"All'età di settanta
Non si ama, nè si canta."

Italian proverb.


De Senectute Cantorum

"I am not sure," writes Arthur Symons in his admirable essay on Sarah Bernhardt, "that the best moment to study an artist is not the moment of what is called decadence. The first energy of inspiration is gone; what remains is the method, the mechanism, and it is that which alone one can study, as one can study the mechanism of the body, not the principle of life itself. What is done mechanically, after the heat of the blood has cooled, and the divine accidents have ceased to happen, is precisely all that was consciously skilful in the performance of an art. To see all this mechanism left bare, as the form of a skeleton is left bare when age thins the flesh upon it is to learn more easily all that is to be learnt of structure, the art which not art but nature has hitherto concealed with its merciful covering."
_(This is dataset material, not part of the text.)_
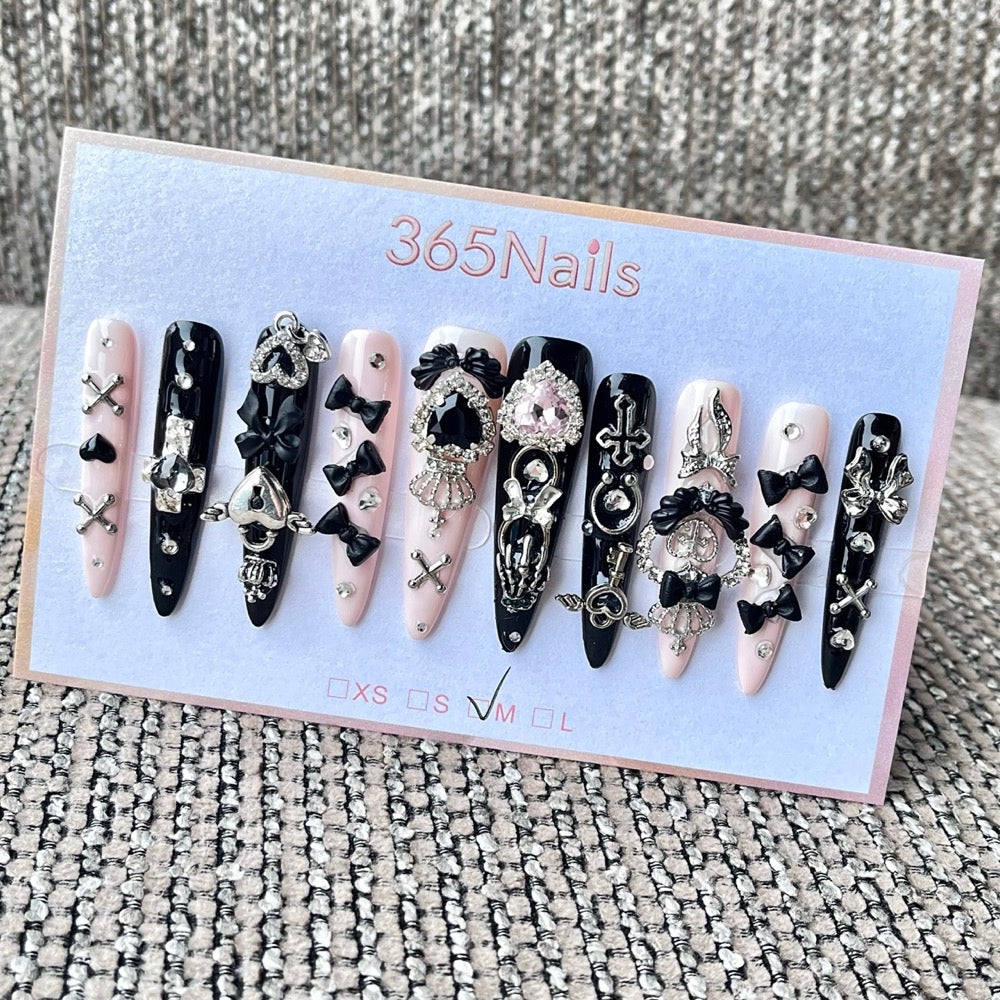 365nails: "Gothic Black Bow Heart Cross Rhinestone Metal" – Dark Sweet 3D Charm Handmade Long Stiletto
Mr. Symons, of course, had an actress in mind, but his argument can be applied to singers as well, although it is safest to remember that much of the true beauty of the human voice inevitably departs with the youth of its owner. Still style in singing is not noticeably affected by age and an artist who possesses or who has acquired this quality very often can afford to make lewd gestures at Father Time. If good singing depended upon a full and sensuous tone, such artists as Ronconi, Victor Maurel, Max Heinrich, Ludwig Wüllner, and Maurice Renaud would never have had any careers at all. It is obvious that any true estimate of their contribution to the lyric stage would put the chief emphasis on style, and this is usually the explanation for extended success on the opera or concert stage, although occasionally an extraordinary and exceptional singer may continue to give pleasure to her auditors, despite the fact that she has left middle age behind her, by the mere lovely quality of the tone she produces.

In the history of opera there may be found the names of many singers who have maintained their popularity and, indeed, a good deal of their art, long past fifty, and there is recorded at least one instance in which a singer, after a long absence from the theatre, returned to the scene of her earlier triumphs with her powers unimpaired, even augmented. I refer, of course, to Henrietta Sontag, born in 1805, who retired from the stage of the King's Theatre in London in 1830 in her twenty-fifth year and who returned twenty years later in 1849. She had, in the meantime, become the Countess Rossi, but although she had abandoned the stage her reappearance proved that she had not remained idle during her period of retirement. For she was one of those artists in whom early "inspiration" counted for little and "method" for much. She was, indeed, a mistress of style. She came back to the public in Linda di Chaminoux and H. F. Chorley ("Thirty Years' Musical Recollections") tells us that "all went wondrously well. No magic could restore to her voice an upper note or two which Time had taken; but the skill, grace, and precision with which she turned to account every atom of power she still possessed,—the incomparable steadiness with which she wrought out her composer's intentions—she carried through the part, from first to last, without the slightest failure, or sign of weariness—seemed a triumph. She was greeted—as she deserved to be—as a beloved old friend come home again in the late sunnier days.

"But it was not at the moment of Madame Sontag's reappearance that we could advert to all the difficulty which added to the honour of its success.—She came back under musical conditions entirely changed since she left the stage—to an orchestra far stronger than that which had supported her voice when it was younger; and to a new world of operas.—Into this she ventured with an intrepid industry not to be overpraised—with every new part enhancing the respect of every real lover of music.—During the short period of these new performances at Her Majesty's Theatre, which was not equivalent to two complete Opera seasons, not merely did Madame Sontag go through the range of her old characters—Susanna, Rosina, Desdemona, Donna Anna, and the like—but she presented herself in seven or eight operas which had not existed when she left the stage—Bellini's Sonnambula, Donizetti's Linda, La Figlia del Reggimento, Don Pasquale; Le Tre Nozze, of Signor Alary, La Tempesta, by M. Halévy—the last two works involving what the French call 'creation,' otherwise the production of a part never before represented.—In one of the favourite characters of her predecessor, the elder artist beat the younger one hollow.—This was as Maria, in Donizetti's La Figlia, which Mdlle. Lind may be said to have brought to England, and considered as her special property.... With myself, the real value of Madame Sontag grew, night after night—as her variety, her conscientious steadiness, and her adroit use of diminished powers were thus mercilessly tested. In one respect, compared with every one who had been in my time, she was alone, in right, perhaps of the studies of her early days—as a singer of Mozart's music."

It was after these last London seasons that Mme. Sontag undertook an American tour. She died in Mexico.